■ **Exercise details**: Keeping pictures out, repeat the lines of the listing below exactly, starting at its first line and finishing with the one that holds "Conception de démolition".
[Extracted information Boundary: Start]
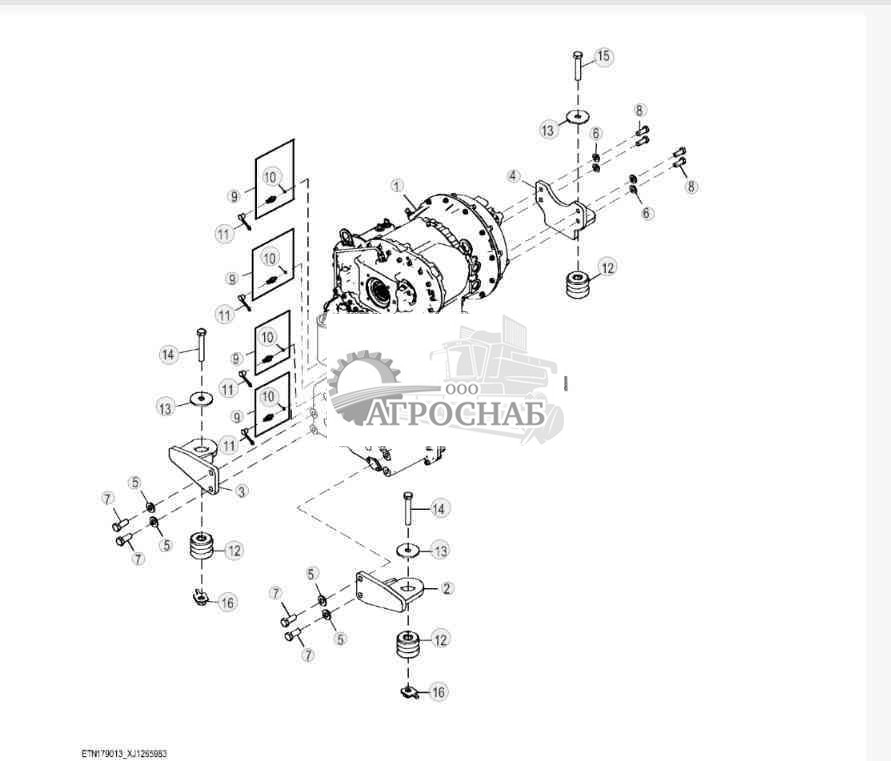 Трансмиссия с блокируемым гидротрансформатором 
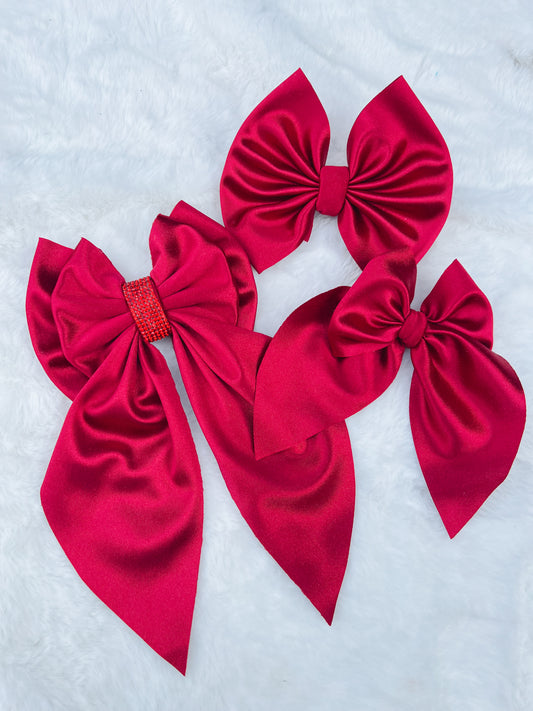 Ruby Red Satin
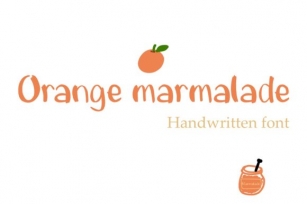Orange Marmalade Font Download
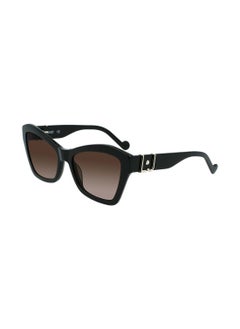 Buy Women's Full Rim Acetate Modified Rectangle Sunglasses LJ754SCH 5618 (001) in UAE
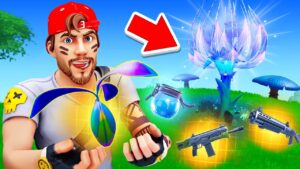 FAIRE un TOP 1 avec des FRUITS SEULEMENT sur FORTNITE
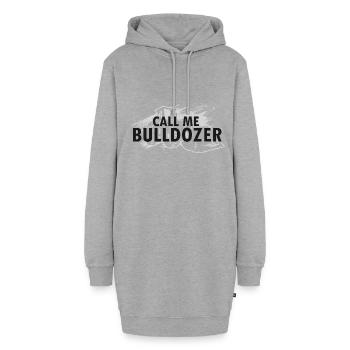 Conception de démolition de maisons et rénovation de maisons - Sweat-shirt à capuche long Femme - gris chiné - Devant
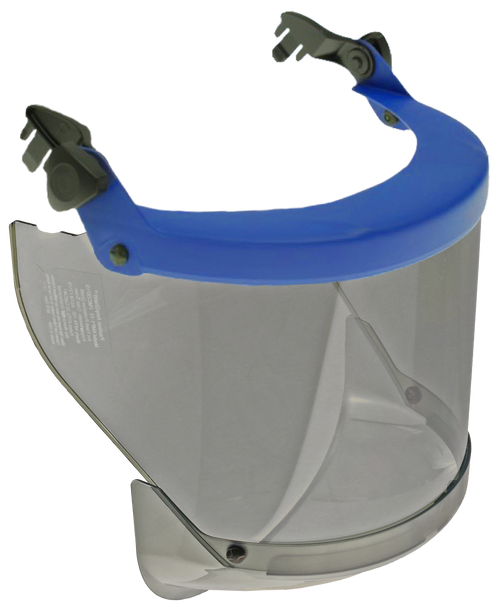 Arc Rated Safety AmpShield FSAHTAMPSLOT12 Highly Transparent Face Shield Assembly - Sold by Each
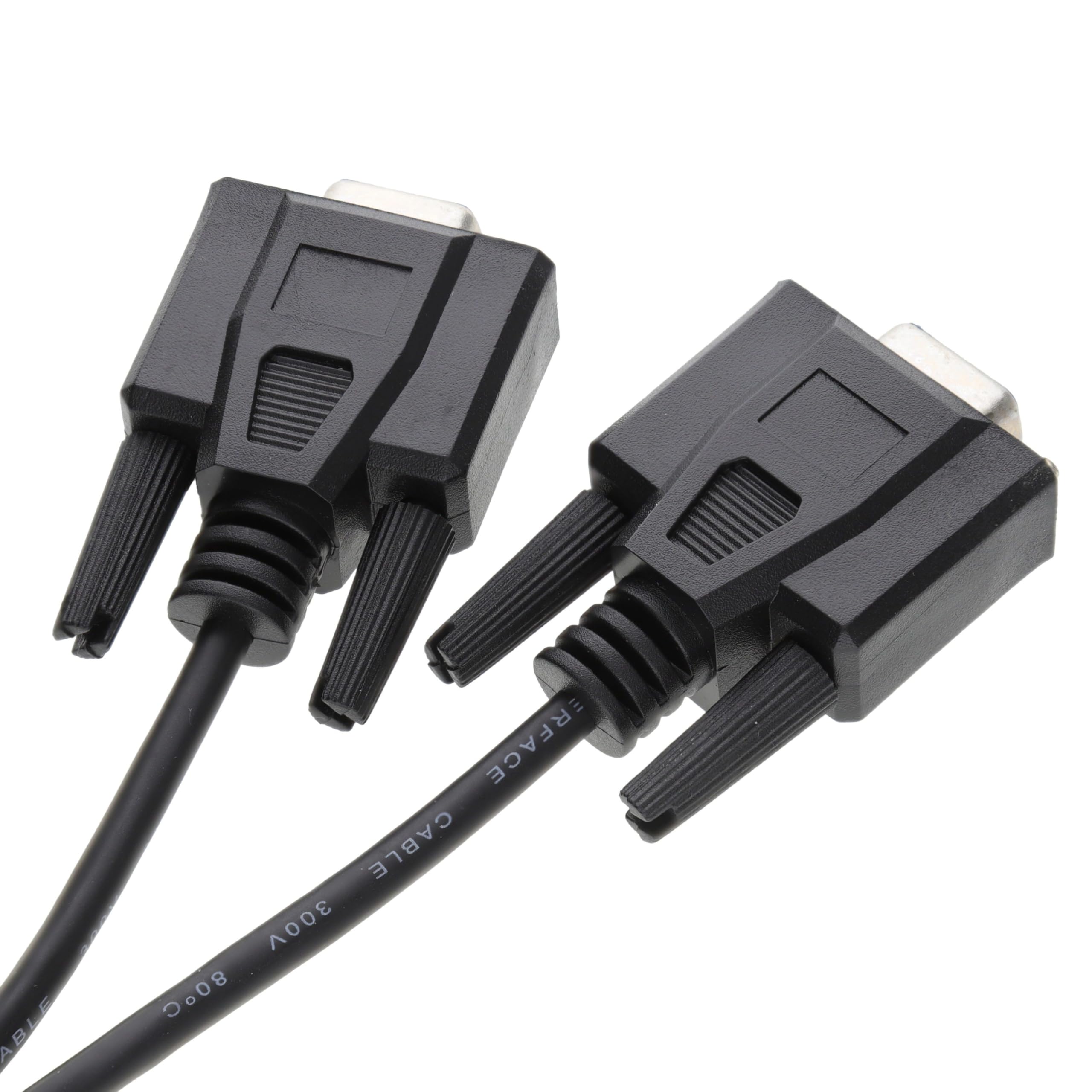 kenable 9 Broches DB9 Serie RS232 null Modem Haute Vitesse Blindé câble 1 m [1 mètre/1m]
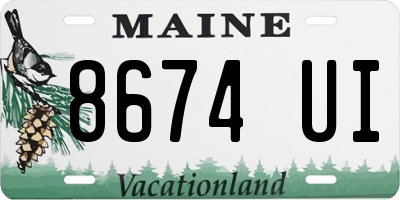 ME license plate 8674UI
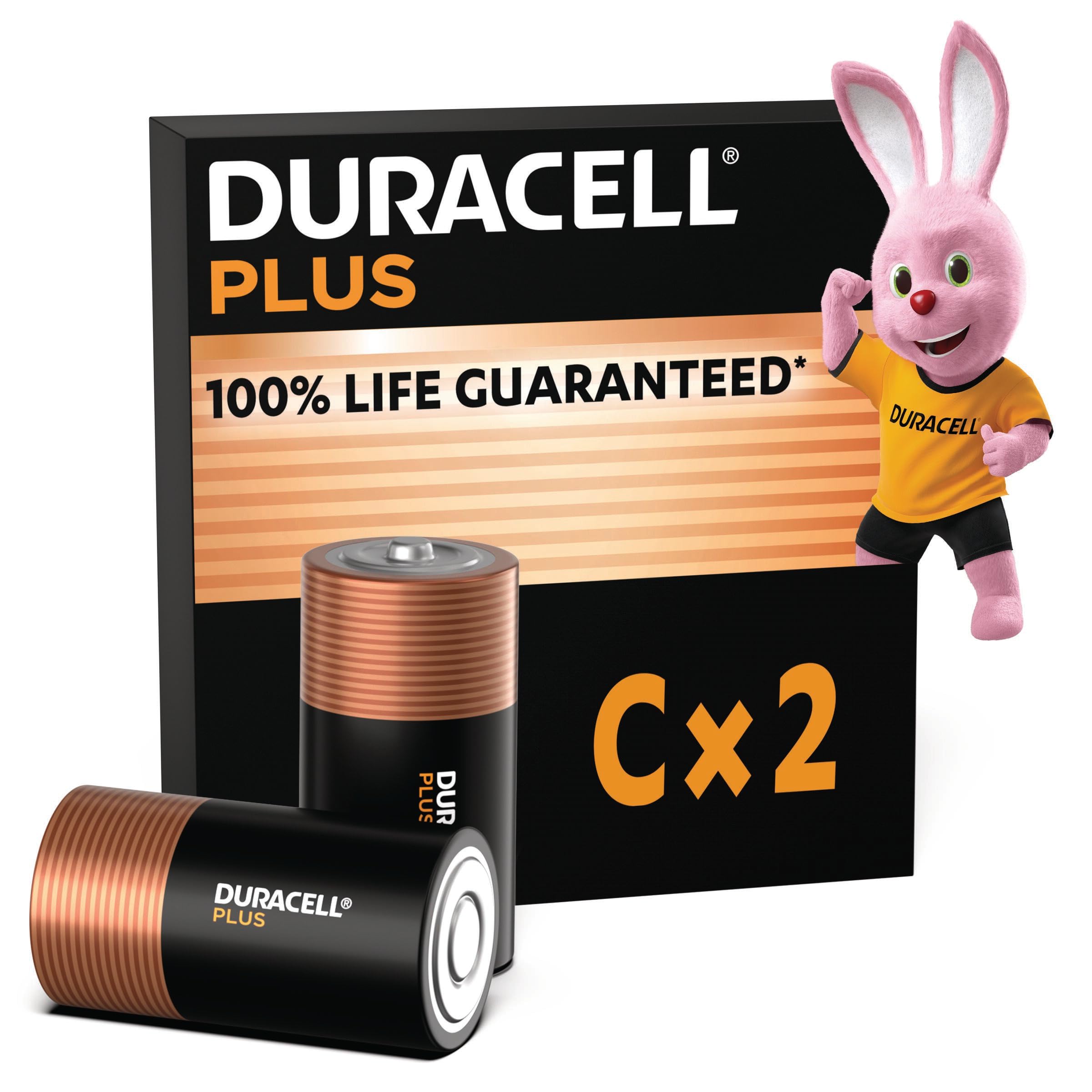 DURACELL Plus C Alkaline Batteries (2 Pack) 1.5V, LR14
[Extracted information Boundary: End]
■ **Exercise answer**:
 Трансмиссия с блокируемым гидротрансформатором 
 Ruby Red Satin
Orange Marmalade Font Download
 Buy Women's Full Rim Acetate Modified Rectangle Sunglasses LJ754SCH 5618 (001) in UAE
 FAIRE un TOP 1 avec des FRUITS SEULEMENT sur FORTNITE
 Conception de démolition de maisons et rénovation de maisons - Sweat-shirt à capuche long Femme - gris chiné - Devant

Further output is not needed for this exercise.